Aber müssen wir Verbraucher uns nicht auch an die eigene Nase fassen? Bei einem Verkaufspreis von zehn Cent pro Ei kann kein Erzeuger wirtschaftlich und artgerecht produzieren. Der Gewinn muss über die Menge bei möglichst geringen Kosten generiert werden. Am Ende zahlen diese Tiere den Preis für unser Einkaufsverhalten. Faire Preise für fair produzierte Produkte stellen in Deutschland leider immer noch die Ausnahme dar. Die Bürger anderer Länder legen mehr Wert auf eine gute Lebensmittelqualität und sind auch bereit, hierfür einen angemessenen Preis zu bezahlen. Alfred Kastner, Hype ist übertrieben Zum selben Thema: Es bedarf wohl keiner Diskussion, Fipronil hat in Lebensmitteln nichts zu suchen. Aber die reale Gefahr für unsere Gesundheit kann man wohl eher als gering bezeichnen. Genauso groß wie bei vielen Substanzen mit vergleichbarem Gefahrenpotenzial, die auf Druck der Lebensmittelindustrie in Grenzen zulässig sind, zum Beispiel Glyphosat. Da hat der Hersteller seinem Desinfektionsmittel aus Gier oder Dummheit einen Stoff zugesetzt, der für den Einsatz in Hühnerställen nicht zulässig ist, und damit sind winzige Spuren dieses Giftes in die Eier gelangt.
Jetzt kommt der Ruf nach mehr Kontrollen, aber gegen Gier und Dummheit gibt es keine vorbeugenden Maßnahmen, und so schlecht können die vorhandenen Überwachungssyteme nun auch nicht sein, denn sonst hätte man ja nichts gefunden.
Ohne zu verharmlosen, aber der Hype, der in dieser Sache gemacht wird, ist doch wohl mehr als übertrieben. Der Politik mache ich trotzdem einen gewaltigen Vorwurf. Sie ist dafür da, aufzuklären, wie groß das Risiko wirklich ist und wie der Konsument damit umgehen kann. Das darf man keinem Discounter überlassen, der doch alles auf seine Lieferanten abwälzt. Aber unser Landwirtschaftsminister hüllt sich in Schweigen, später kommen mit Sicherheit Sprechblasen, Aktionismus und dann „nichts“. Derweilen werden, unter Umständen völlig sinnlos, Millionen Eier vernichtet. Leute, das sind hochwertige Lebensmittel und dazu werden noch Existenzen der Hühnerhalter gefährdet.

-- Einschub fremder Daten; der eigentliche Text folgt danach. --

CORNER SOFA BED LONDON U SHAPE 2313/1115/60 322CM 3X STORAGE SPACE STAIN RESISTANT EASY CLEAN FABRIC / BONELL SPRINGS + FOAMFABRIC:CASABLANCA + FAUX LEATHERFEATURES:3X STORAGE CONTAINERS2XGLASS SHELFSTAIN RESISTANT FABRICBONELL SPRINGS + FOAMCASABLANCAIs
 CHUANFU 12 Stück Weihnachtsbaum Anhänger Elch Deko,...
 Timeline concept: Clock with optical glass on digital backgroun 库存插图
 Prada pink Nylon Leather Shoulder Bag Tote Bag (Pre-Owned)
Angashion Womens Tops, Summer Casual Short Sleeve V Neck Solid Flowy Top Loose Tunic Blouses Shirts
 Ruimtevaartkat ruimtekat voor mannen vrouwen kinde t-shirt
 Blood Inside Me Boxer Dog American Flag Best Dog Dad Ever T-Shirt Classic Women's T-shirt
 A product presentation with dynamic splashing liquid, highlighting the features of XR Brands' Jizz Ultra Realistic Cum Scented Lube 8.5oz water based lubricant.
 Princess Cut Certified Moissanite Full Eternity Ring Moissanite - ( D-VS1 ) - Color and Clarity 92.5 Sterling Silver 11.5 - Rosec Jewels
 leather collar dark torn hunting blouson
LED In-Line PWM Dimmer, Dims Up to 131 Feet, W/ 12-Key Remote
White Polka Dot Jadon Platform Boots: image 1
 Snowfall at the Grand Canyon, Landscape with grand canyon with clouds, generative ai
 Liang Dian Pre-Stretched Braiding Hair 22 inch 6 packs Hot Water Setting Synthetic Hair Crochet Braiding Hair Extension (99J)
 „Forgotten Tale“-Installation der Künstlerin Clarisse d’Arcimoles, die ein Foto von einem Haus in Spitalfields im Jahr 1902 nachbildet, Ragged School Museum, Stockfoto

Übrigens, Stickoxide haben in der Luft auch nichts zu suchen, aber auch da die üblichen Aktivitäten unserer Politik: Aktionismus, Dieselgipfel, Sprechblasen und wieder „nichts“. Wilhelm Nagel, Schlier
Weiden
Rülkes Krokodilstränen Zum Interview mit Hans-Ulrich Rülke (28.7.): Es sei ein Treppenwitz, dass die Umweltverwaltung über 225 neue Stellen bekommen soll, findet Rülke im Interview. Er ist lang genug in der Politik und kennt vermutlich auch die echten Zahlen gut genug: Mit der Verwaltungsstrukturreform 2005 (also unter FDP-Beteiligung!) hat in der Naturschutzverwaltung ein permanenter Stellenabbau eingesetzt. Parallel dazu hat sich deren Aufgabenspektrum stark vergrößert.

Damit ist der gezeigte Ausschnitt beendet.